* **THE PROBLEM**: Transcribe each entry exactly as it appears, leaving out any picture it holds.

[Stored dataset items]
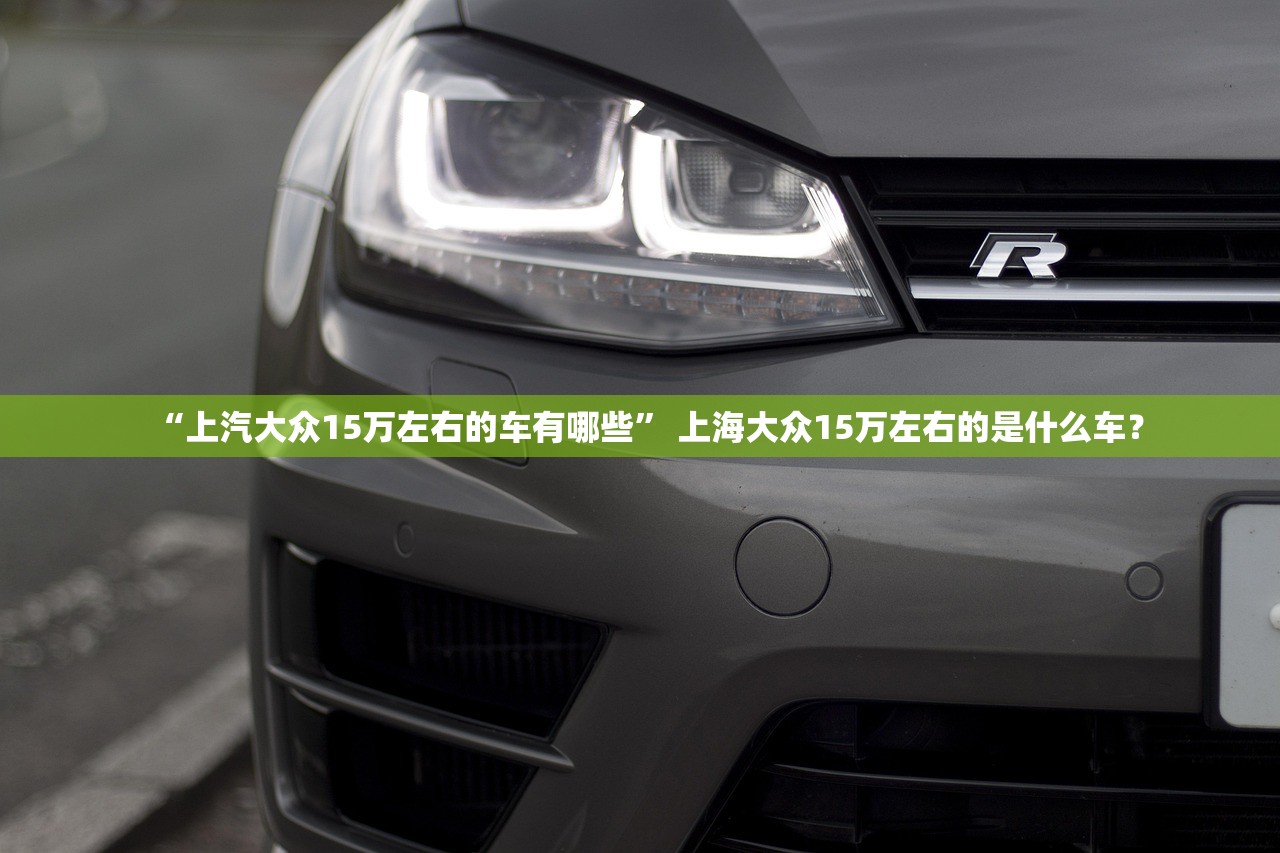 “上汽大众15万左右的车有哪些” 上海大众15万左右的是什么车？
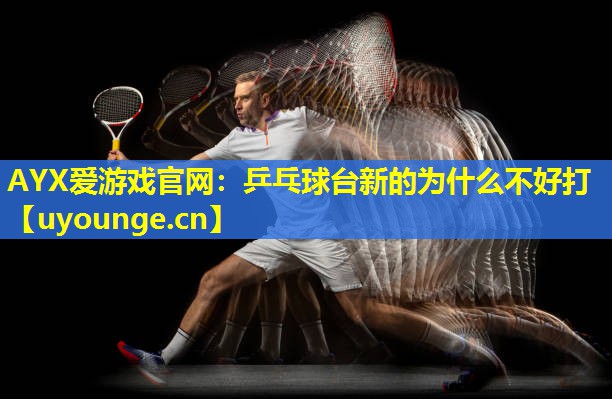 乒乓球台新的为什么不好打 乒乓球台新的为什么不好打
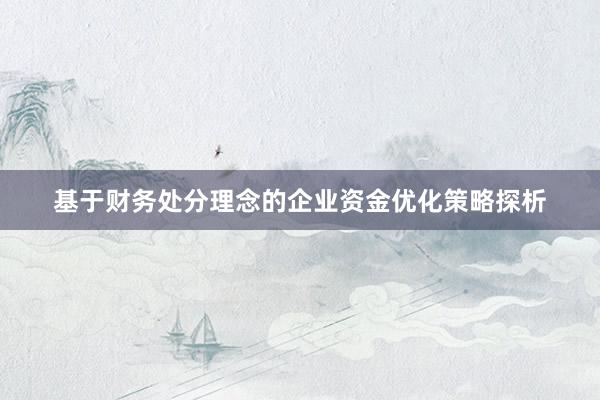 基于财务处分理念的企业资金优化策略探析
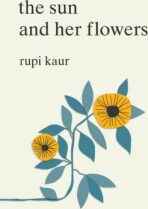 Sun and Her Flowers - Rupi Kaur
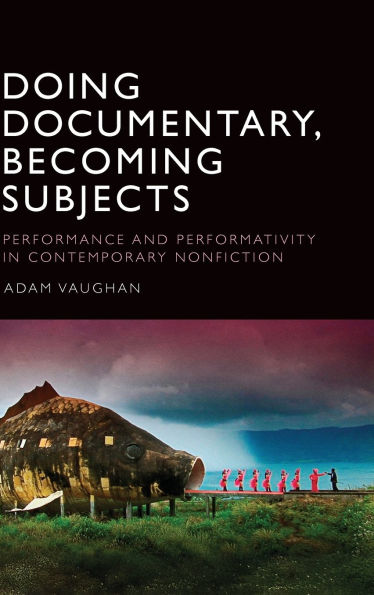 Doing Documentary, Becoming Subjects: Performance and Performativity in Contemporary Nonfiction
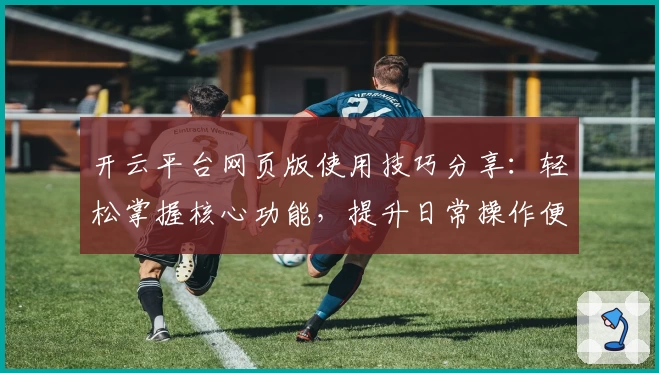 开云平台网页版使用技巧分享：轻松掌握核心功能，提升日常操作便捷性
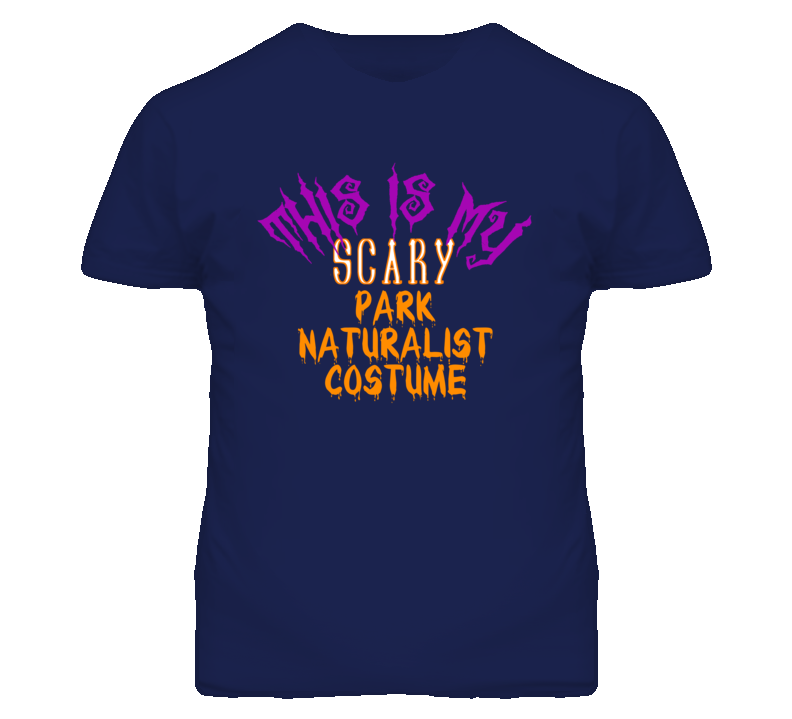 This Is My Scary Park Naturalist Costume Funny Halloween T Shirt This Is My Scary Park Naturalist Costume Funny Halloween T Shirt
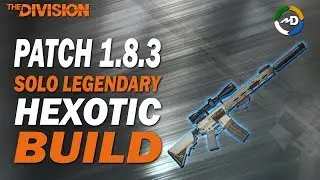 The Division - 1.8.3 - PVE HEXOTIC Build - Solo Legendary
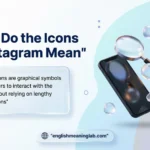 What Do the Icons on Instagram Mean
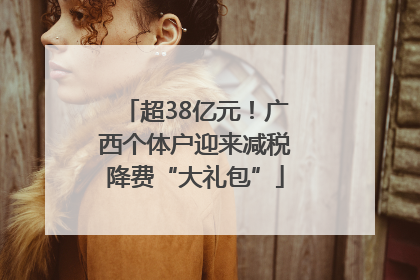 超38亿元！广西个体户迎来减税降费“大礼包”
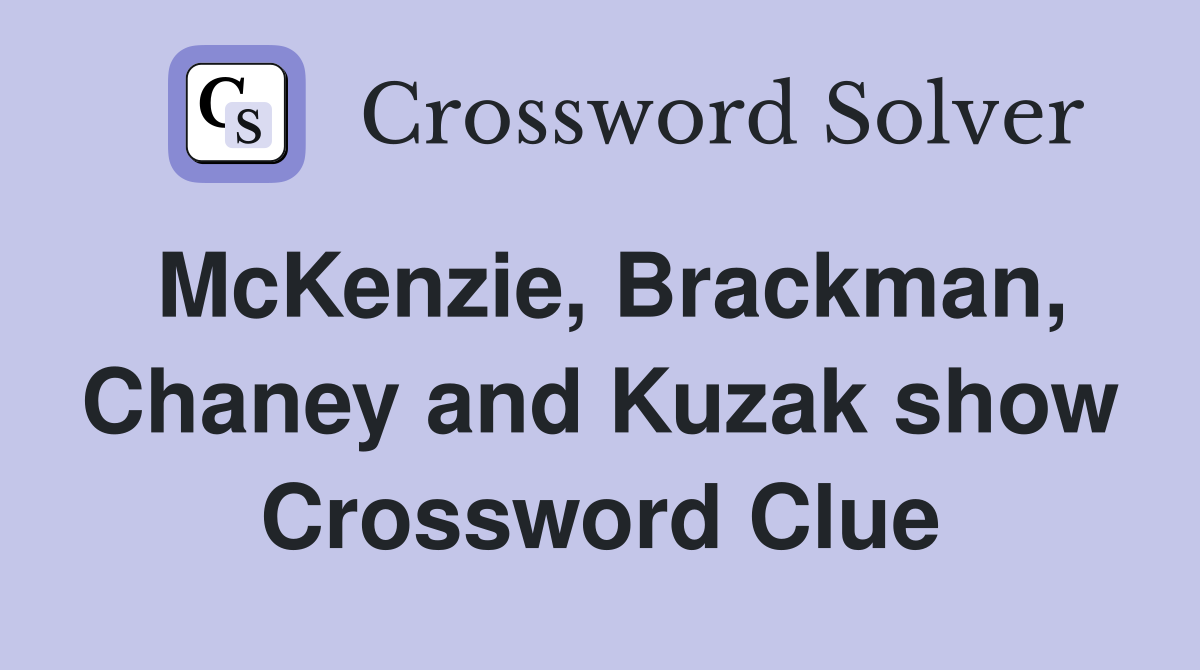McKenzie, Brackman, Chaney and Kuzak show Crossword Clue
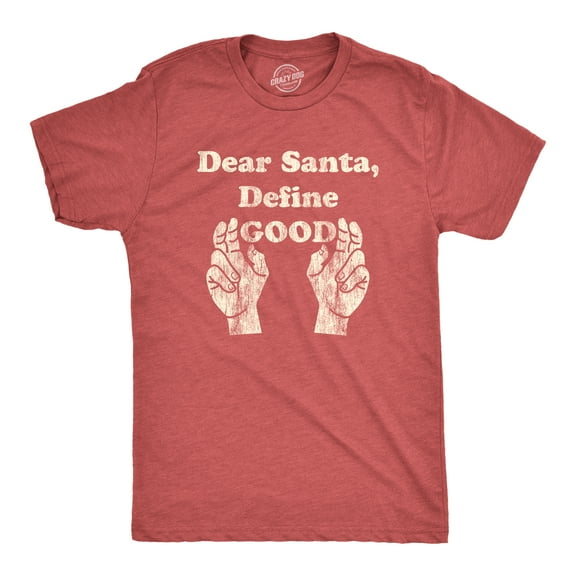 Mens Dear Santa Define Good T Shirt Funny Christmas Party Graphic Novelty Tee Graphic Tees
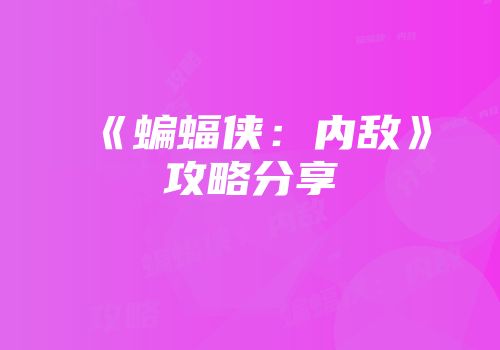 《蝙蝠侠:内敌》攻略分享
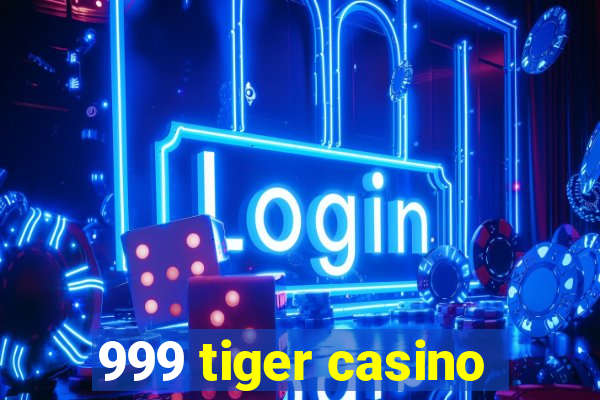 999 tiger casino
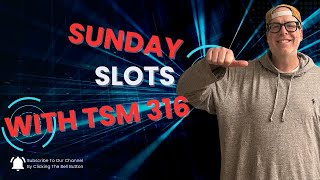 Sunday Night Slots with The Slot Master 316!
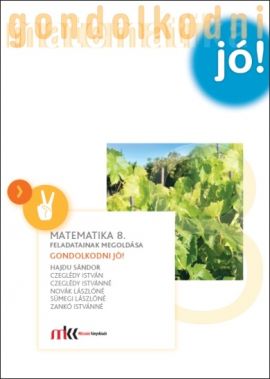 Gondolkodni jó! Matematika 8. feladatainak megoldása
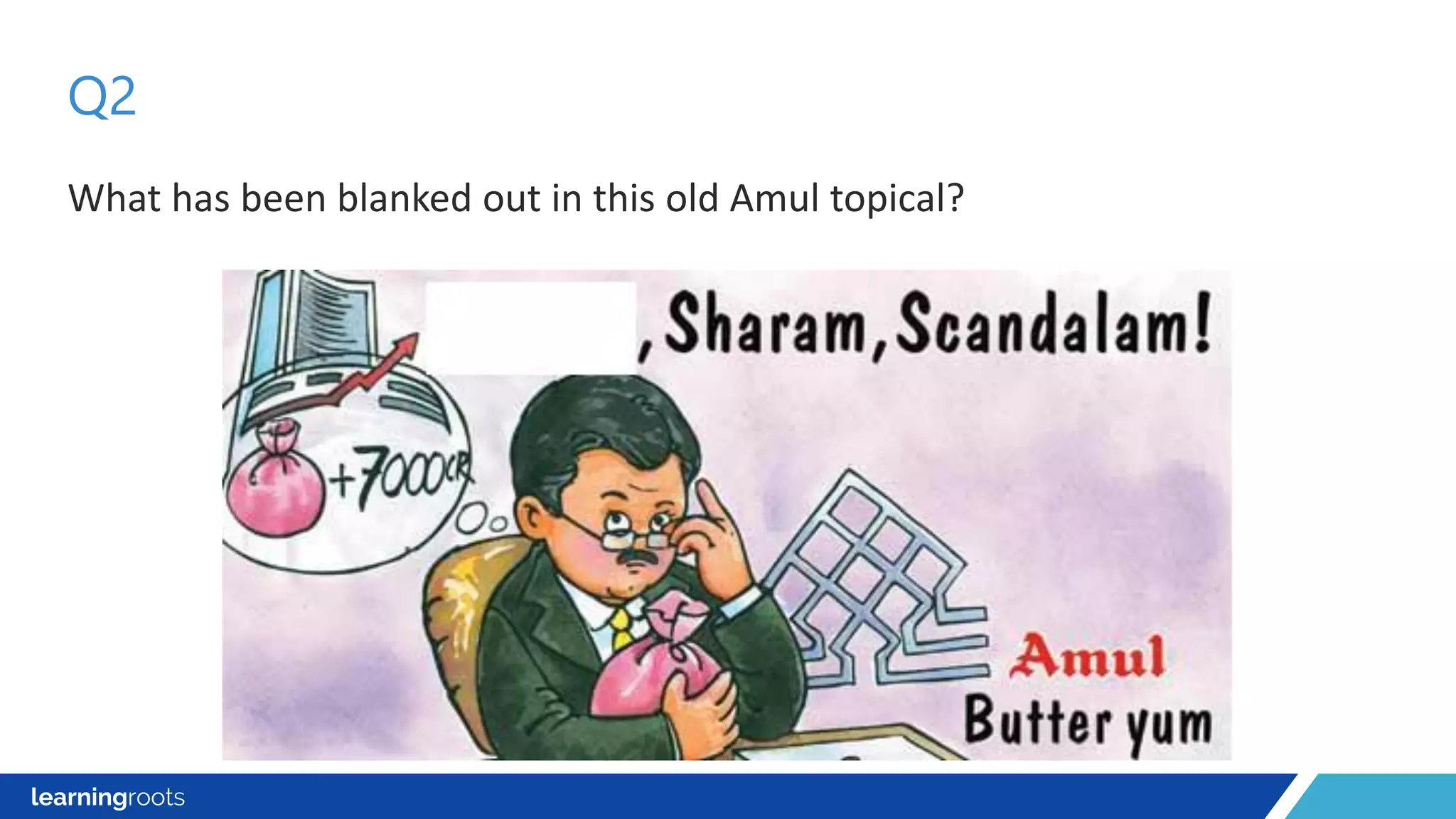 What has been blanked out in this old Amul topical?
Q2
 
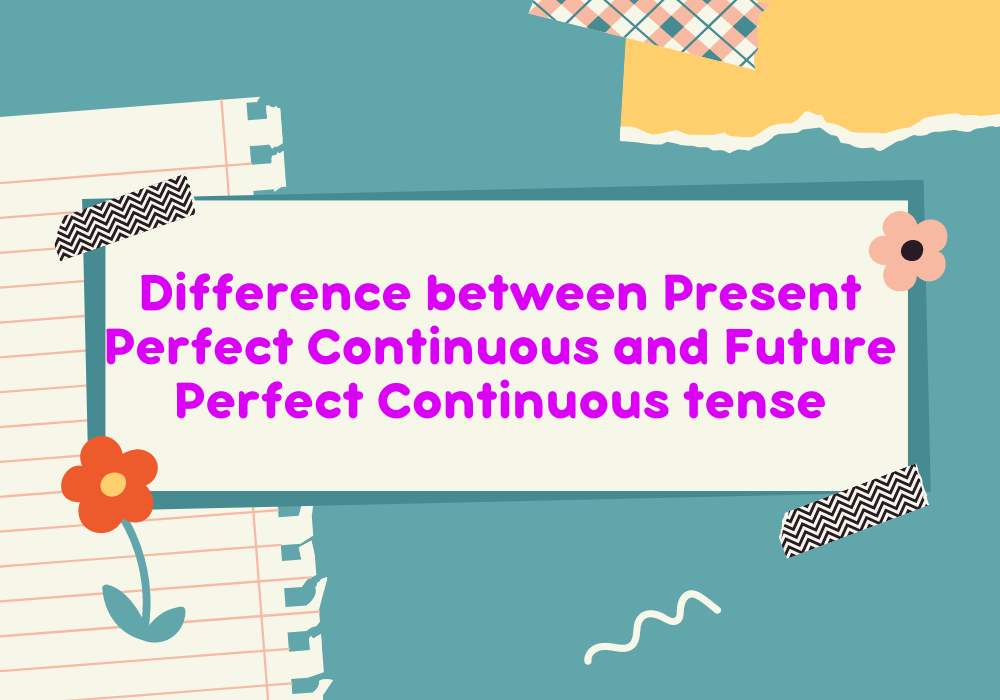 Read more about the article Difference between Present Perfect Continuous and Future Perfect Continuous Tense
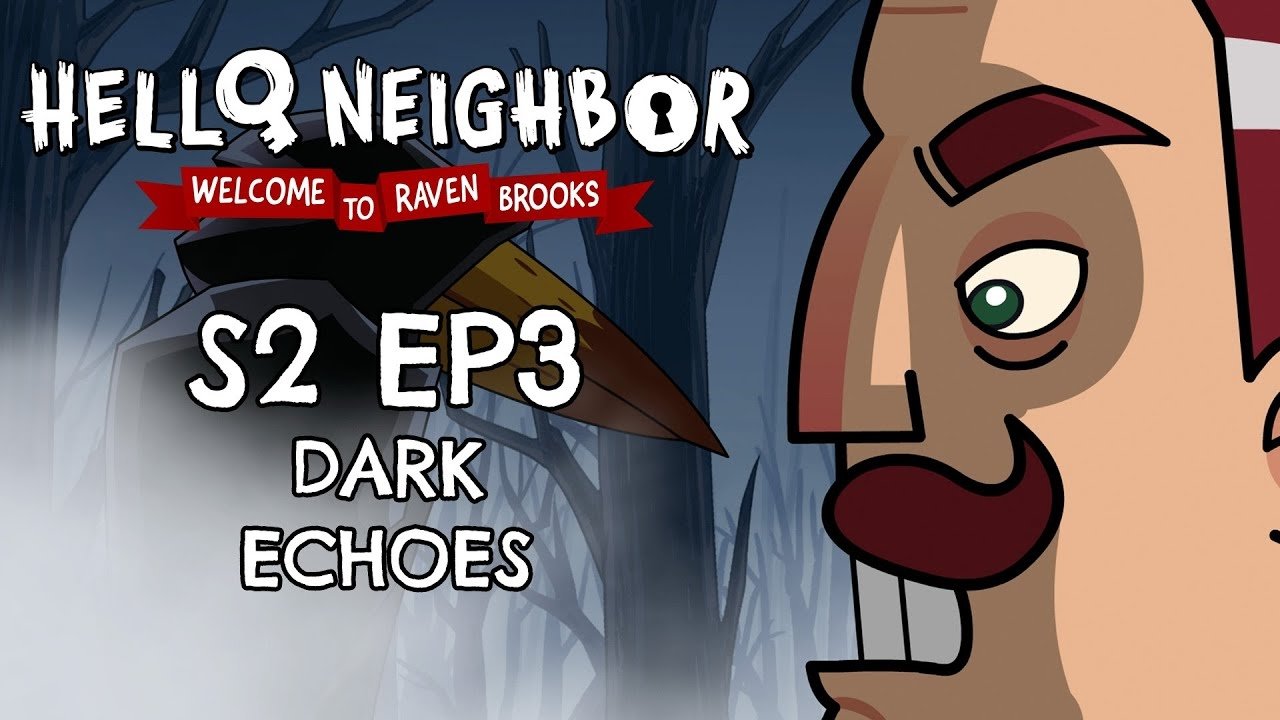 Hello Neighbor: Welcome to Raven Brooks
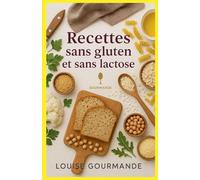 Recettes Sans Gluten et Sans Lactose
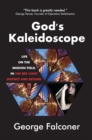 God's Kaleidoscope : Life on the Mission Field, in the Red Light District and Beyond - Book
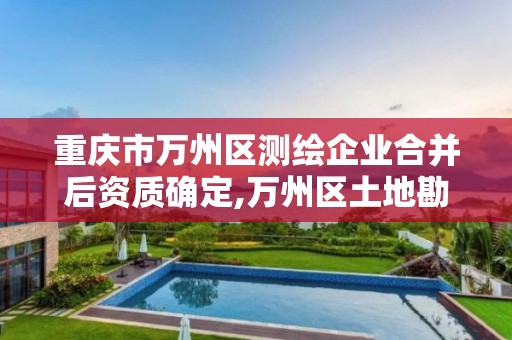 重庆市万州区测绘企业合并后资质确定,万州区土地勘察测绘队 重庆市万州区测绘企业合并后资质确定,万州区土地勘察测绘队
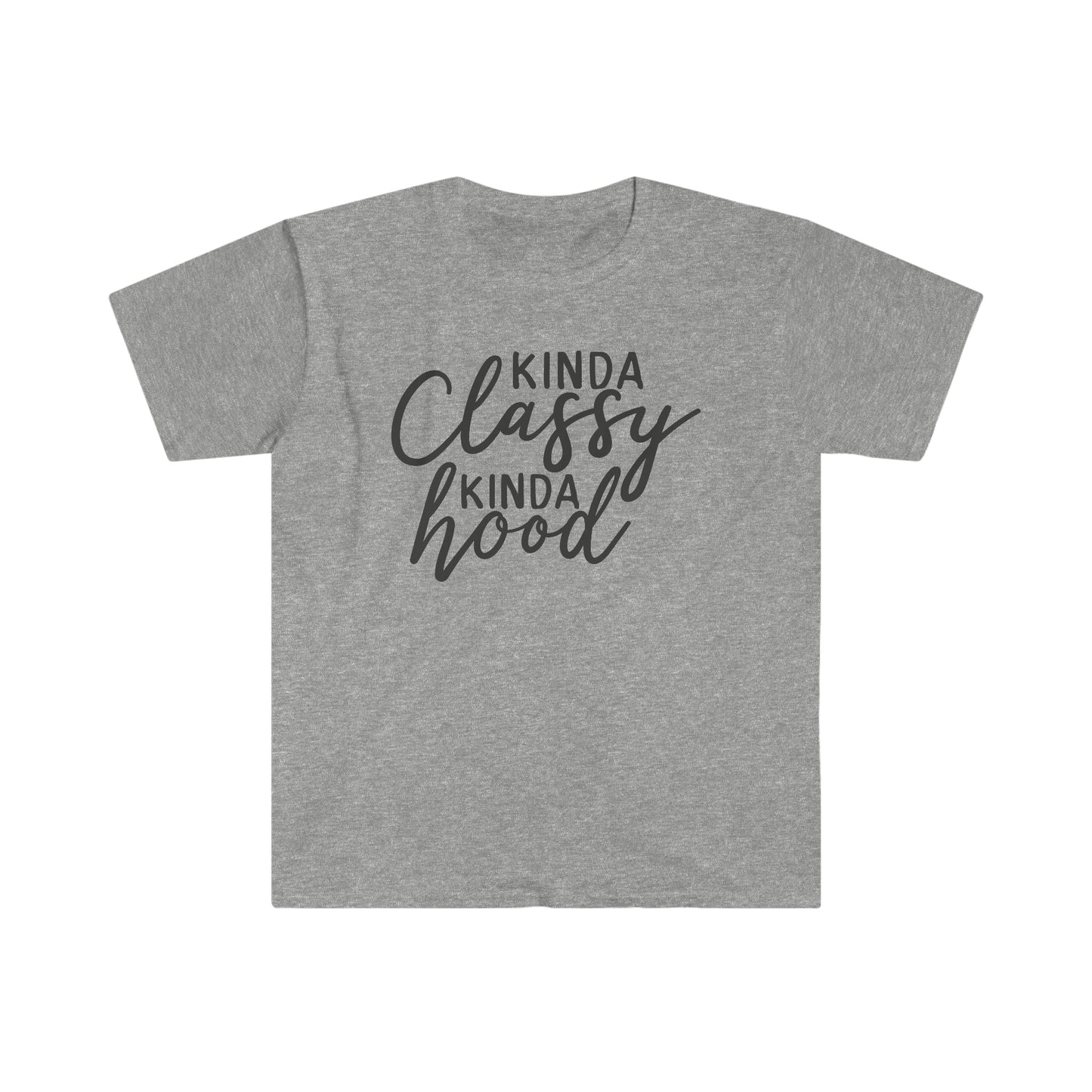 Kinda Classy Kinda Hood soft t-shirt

* **COMPLETED EXERCISE**:
 “上汽大众15万左右的车有哪些” 上海大众15万左右的是什么车？
 乒乓球台新的为什么不好打 乒乓球台新的为什么不好打
 基于财务处分理念的企业资金优化策略探析
 Sun and Her Flowers - Rupi Kaur
 Doing Documentary, Becoming Subjects: Performance and Performativity in Contemporary Nonfiction
 开云平台网页版使用技巧分享：轻松掌握核心功能，提升日常操作便捷性
 This Is My Scary Park Naturalist Costume Funny Halloween T Shirt This Is My Scary Park Naturalist Costume Funny Halloween T Shirt
 The Division - 1.8.3 - PVE HEXOTIC Build - Solo Legendary
 What Do the Icons on Instagram Mean
 超38亿元！广西个体户迎来减税降费“大礼包”
McKenzie, Brackman, Chaney and Kuzak show Crossword Clue
 Mens Dear Santa Define Good T Shirt Funny Christmas Party Graphic Novelty Tee Graphic Tees
 《蝙蝠侠:内敌》攻略分享
 999 tiger casino
 Sunday Night Slots with The Slot Master 316!
 Gondolkodni jó! Matematika 8. feladatainak megoldása
 What has been blanked out in this old Amul topical?
Q2
 
 Read more about the article Difference between Present Perfect Continuous and Future Perfect Continuous Tense
 Hello Neighbor: Welcome to Raven Brooks
 Recettes Sans Gluten et Sans Lactose
 God's Kaleidoscope : Life on the Mission Field, in the Red Light District and Beyond - Book
 重庆市万州区测绘企业合并后资质确定,万州区土地勘察测绘队 重庆市万州区测绘企业合并后资质确定,万州区土地勘察测绘队
 Kinda Classy Kinda Hood soft t-shirt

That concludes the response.